La scène circule partout sur les réseaux : une femme agressée en plein jour à Salé et ensuite percutée par un véhicule dont le conducteur n’a même pas daigné s’arrêter. Un énième épisode qui vient rappeler une réalité accablante : l’espace public reste un lieu de danger pour les femmes.
Face à ces violences, certaines associations s’organisent. À Casablanca, l’ATEC (Tahadi pour l’Égalité et la Citoyenneté) agit sur plusieurs fronts. « Ce genre d’agression ne peut plus être considéré comme un fait divers. Nous avons immédiatement pris contact avec des ONG locales pour assurer la prise en charge de la victime», explique Bouchra Abdou, sa Présidente.
Le groupe n’en est pas à son premier combat. Depuis sa création, il milite pour des politiques plus protectrices et une réelle égalité d’accès à l’espace public.
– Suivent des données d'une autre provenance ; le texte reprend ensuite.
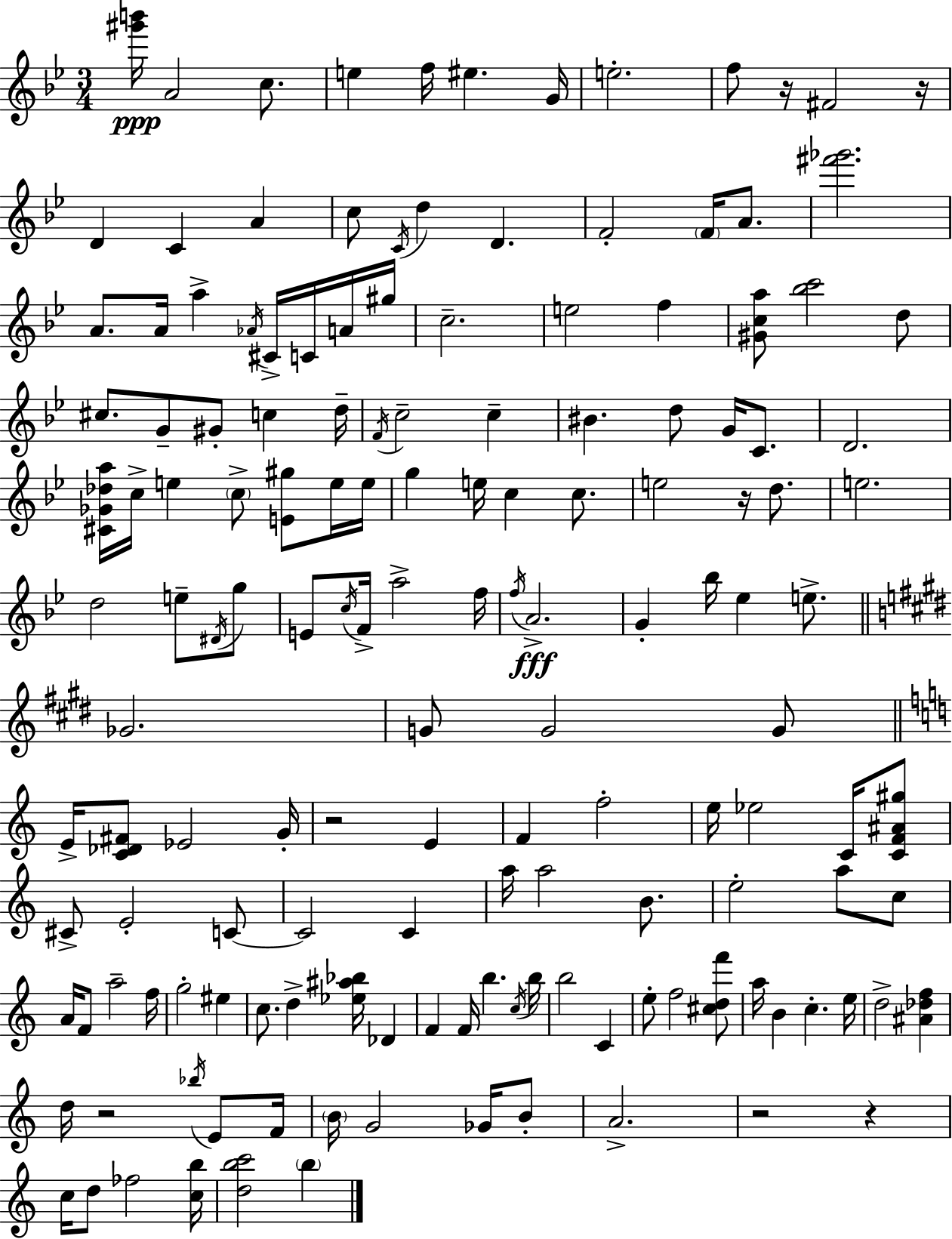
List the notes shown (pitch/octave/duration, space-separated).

[G#6,B6]/s A4/h C5/e. E5/q F5/s EIS5/q. G4/s E5/h. F5/e R/s F#4/h R/s D4/q C4/q A4/q C5/e C4/s D5/q D4/q. F4/h F4/s A4/e. [F#6,Gb6]/h. A4/e. A4/s A5/q Ab4/s C#4/s C4/s A4/s G#5/s C5/h. E5/h F5/q [G#4,C5,A5]/e [Bb5,C6]/h D5/e C#5/e. G4/e G#4/e C5/q D5/s F4/s C5/h C5/q BIS4/q. D5/e G4/s C4/e. D4/h. [C#4,Gb4,Db5,A5]/s C5/s E5/q C5/e [E4,G#5]/e E5/s E5/s G5/q E5/s C5/q C5/e. E5/h R/s D5/e. E5/h. D5/h E5/e D#4/s G5/e E4/e C5/s F4/s A5/h F5/s F5/s A4/h. G4/q Bb5/s Eb5/q E5/e. Gb4/h. G4/e G4/h G4/e E4/s [C4,Db4,F#4]/e Eb4/h G4/s R/h E4/q F4/q F5/h E5/s Eb5/h C4/s [C4,F4,A#4,G#5]/e C#4/e E4/h C4/e C4/h C4/q A5/s A5/h B4/e. E5/h A5/e C5/e A4/s F4/e A5/h F5/s G5/h EIS5/q C5/e. D5/q [Eb5,A#5,Bb5]/s Db4/q F4/q F4/s B5/q. C5/s B5/s B5/h C4/q E5/e F5/h [C#5,D5,F6]/e A5/s B4/q C5/q. E5/s D5/h [A#4,Db5,F5]/q D5/s R/h Bb5/s E4/e F4/s B4/s G4/h Gb4/s B4/e A4/h. R/h R/q C5/s D5/e FES5/h [C5,B5]/s [D5,B5,C6]/h B5/q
L’association dispose à ce titre de deux centres d’écoute, l’un dédié aux violences en général, l’autre à la violence numérique. Elle propose un accompagnement juridique et psychologique aux victimes, tout en menant un travail de fond auprès des jeunes en milieu scolaire et universitaire.
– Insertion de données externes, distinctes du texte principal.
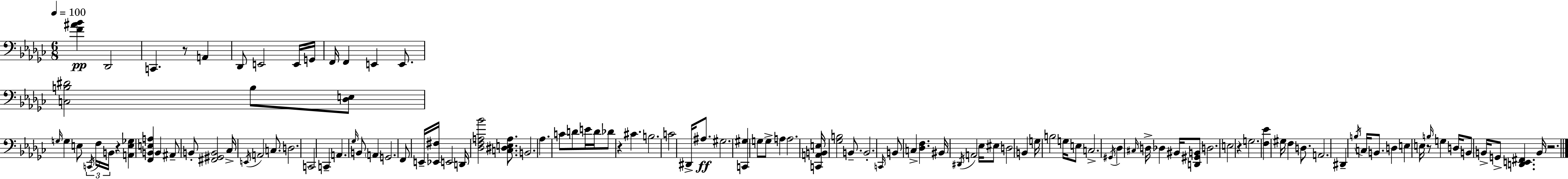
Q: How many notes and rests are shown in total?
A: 120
« Nous voulons que les manuels scolaires enseignent les principes des droits humains. L’éducation est un rempart essentiel contre le harcèlement et les violences sexistes », insiste Bouchra Abdou. Pour elle, le problème est systémique. « Nous sommes dans un pays conservateur, mais cela ne doit pas justifier l’impunité. Nos revendications portent sur la démocratie, l’égalité, un État de droit qui protège les femmes, partout. »
La législation actuelle, notamment la loi 103-13 et son article 503-11, reste largement insuffisante. « Elle exige que les femmes prouvent qu’elles ont été harcelées à plusieurs reprises pour que la plainte soit recevable. C’est inacceptable. Ce n’est pas à la victime de se justifier, mais à la police de rassembler les preuves » dénonce-t-elle.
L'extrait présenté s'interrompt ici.